Often students’ intuition ferrets out things that don’t quite ring true. It’s one reason why authentic examples are so important. Whenever I read, I try to be cognizant of when I use a reading strategy so I can share it during a lesson. A sticky note with the page number and strategy placed on the back cover or just inside the front cover helps me always be ready with an example from my own reading. It is powerful proof that the techniques we are teaching aren’t just for when students are part of our classroom community but will be useful tools throughout their reading lives.

One such example happened on pages 192–193 of the wonderful book The Secret Hum of a Daisy by Tracy Holczer.

Here is what I read:

In one of those fields, set far off the road against a bent-up chain-link fence, were giant red plastic letters. The kind you might see in front of a church declaring Jesus Saves! Only bigger. They spelled out GOD BLESS YOU. I felt a little spot of warmth for whoever put those letters out. How they weren’t about to let a missing D get in their way.

And here is the immediate thinking that followed:

What? That doesn’t make sense. What does Tracy Holczer mean by “they weren’t about to let a missing D get in their way”?

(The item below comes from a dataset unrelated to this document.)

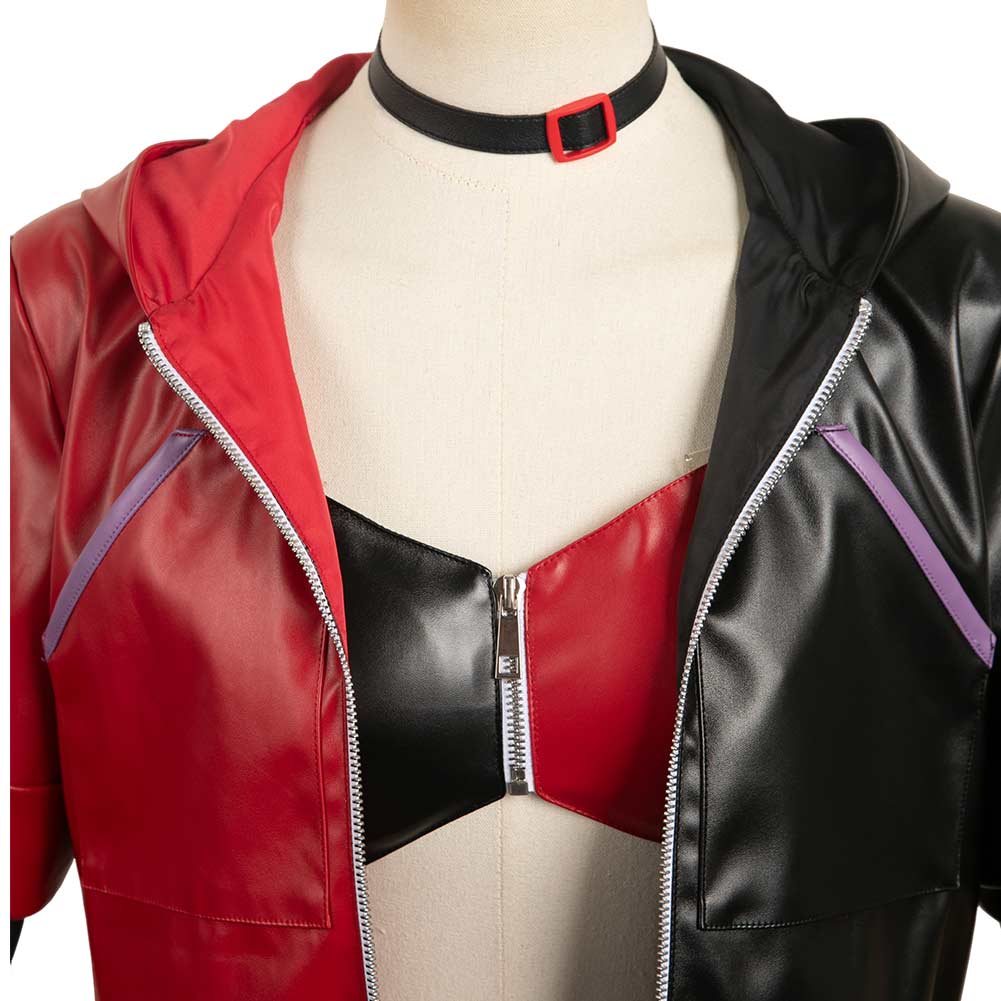 TV Suicide Squad Isekai(2024) Harley Quinn Cosplay Costume Ver.2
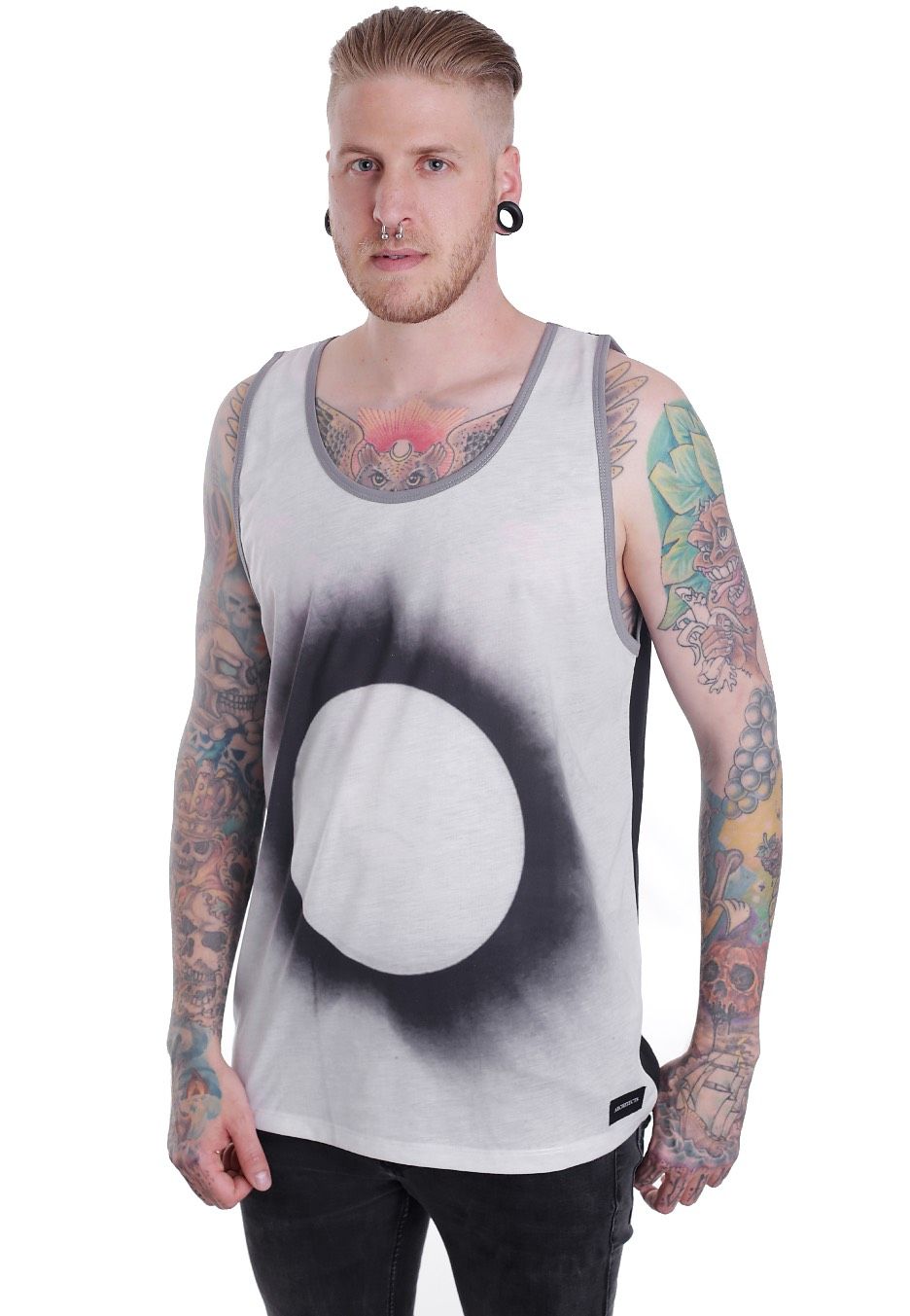 Allover Eclipse Tank Top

I went back, reread, and cross checked as I went. The paragraph actually reads as follows:

In one of those fields, set far off the road against a bent-up chain-link fence, were giant red plastic letters. The kind you might see in front of a church declaring Jesus Saves! Only bigger. They spelled out GOO BLESS YOU. I felt a little spot of warmth for whoever put those letters out. How they weren’t about to let a missing D get in their way.

Oh, GOO! GOO BLESS YOU! Now I get it! There was a D missing, but my brain filled it in the first time I read which is why the sentence about the missing D didn’t make sense.

Cross checking is a powerful strategy that boosts both accuracy and comprehension. As we read, we are always tuned in to answering these three questions:

Does it look right? Does it sound right? Does it make sense?

When I first read the passage, only two of those were in place. It made sense, at first, and it certainly sounded right, but it didn’t look right, matching the letters in the word . . . not until I went back and fixed it.

I encourage you to be aware of the strategies you use as you read and to record them so you can easily share them later. And invite students to share their own strategy stories. It will help develop a community of learners and provide many opportunities for celebrations of success.